Although summer is not yet over, the “vacation” that many investors seem to have taken with respect to their muni investment perspective may well be coming to an end.

The timeline leading up to the summer months included headline-generating withdrawals from mutual funds and a calendar of newly issued bonds that may push the 2015 yearend totals beyond those of last year. Even though rates were pushed higher by these elements and concerns for Puerto Rico and Illinois, the apparent reticence of investors to engage seems to have created a better landscape for buyers of municipals now than earlier in the year

I believe this 2015 summer of discontent should now be viewed in the context of opportunity, not avoidance.

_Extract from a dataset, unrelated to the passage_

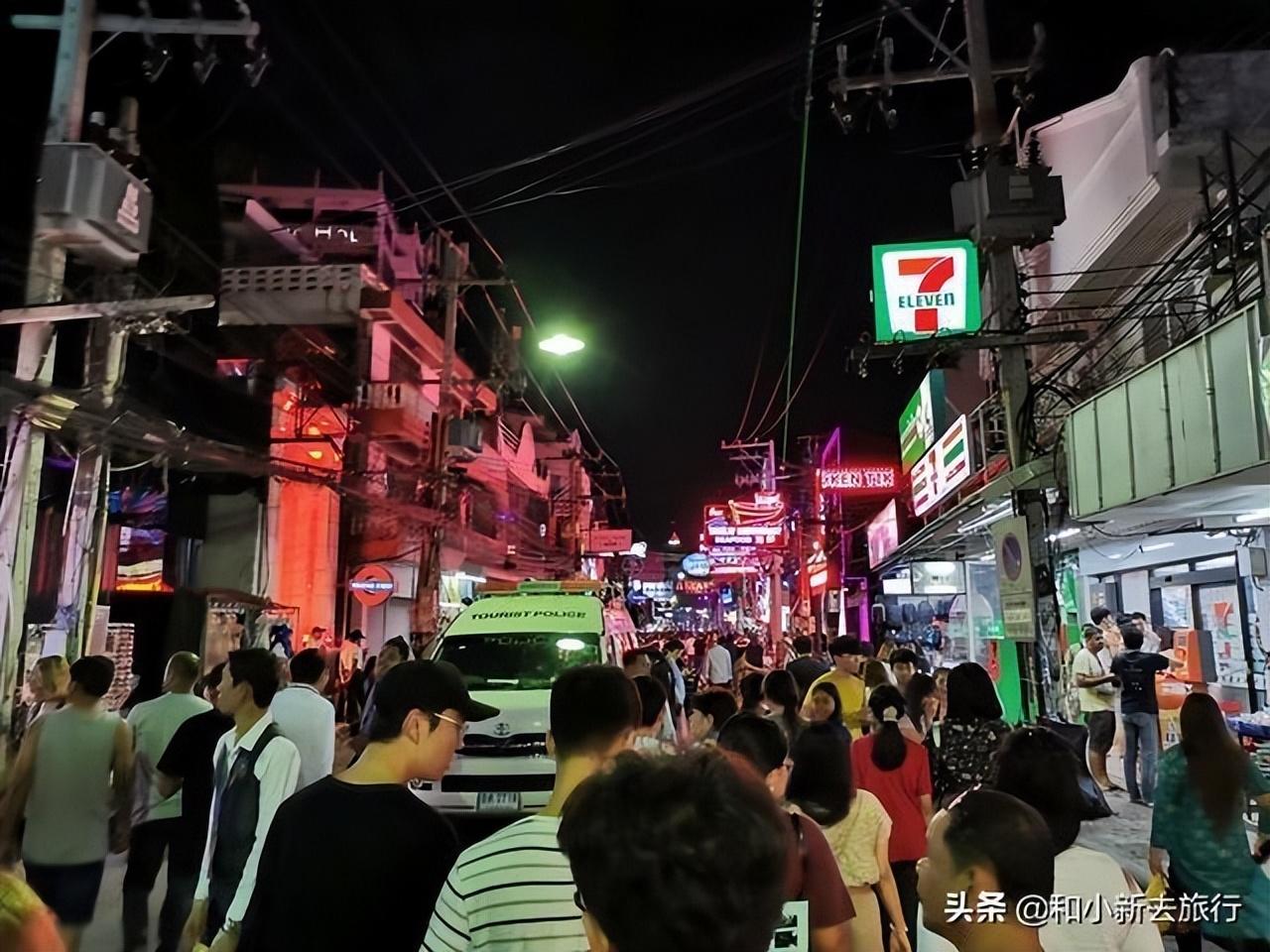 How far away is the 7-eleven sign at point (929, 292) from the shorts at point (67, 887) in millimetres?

It should be clear that the vast diversity of the marketplace appears to have remained little changed by the select and unfortunate affairs plaguing the governments of Puerto Rico and Illinois. It should also be clear that whether it is the devaluation of the Chinese Yuan or the drop in oil prices cutting revenue and investment in Canada and the U.S., the Federal Reserve is left with little room to effect more than a small rise in short-term rates through the remainder of the year, in my opinion. That specific concern, over a potential Federal Reserve rate hike, has overshadowed the other events this summer mentioned above. But now it appears the focus should be on fundamentals and opportunity. One month ago (see post from Thursday, 7/16/2015) I summarized the rise in rates to date for investment grade municipals. I feel it is not a stretch to view that move as complementary to any rate move by the Federal Reserve.

Barclays notes that currently its Municipal Bond Index is positive for the month of August, as well as positive (+1.00%) for the past three months. Its summary of July shows, again, that risk-adjusted returns for investment grade municipals continue to stand out versus other asset classes.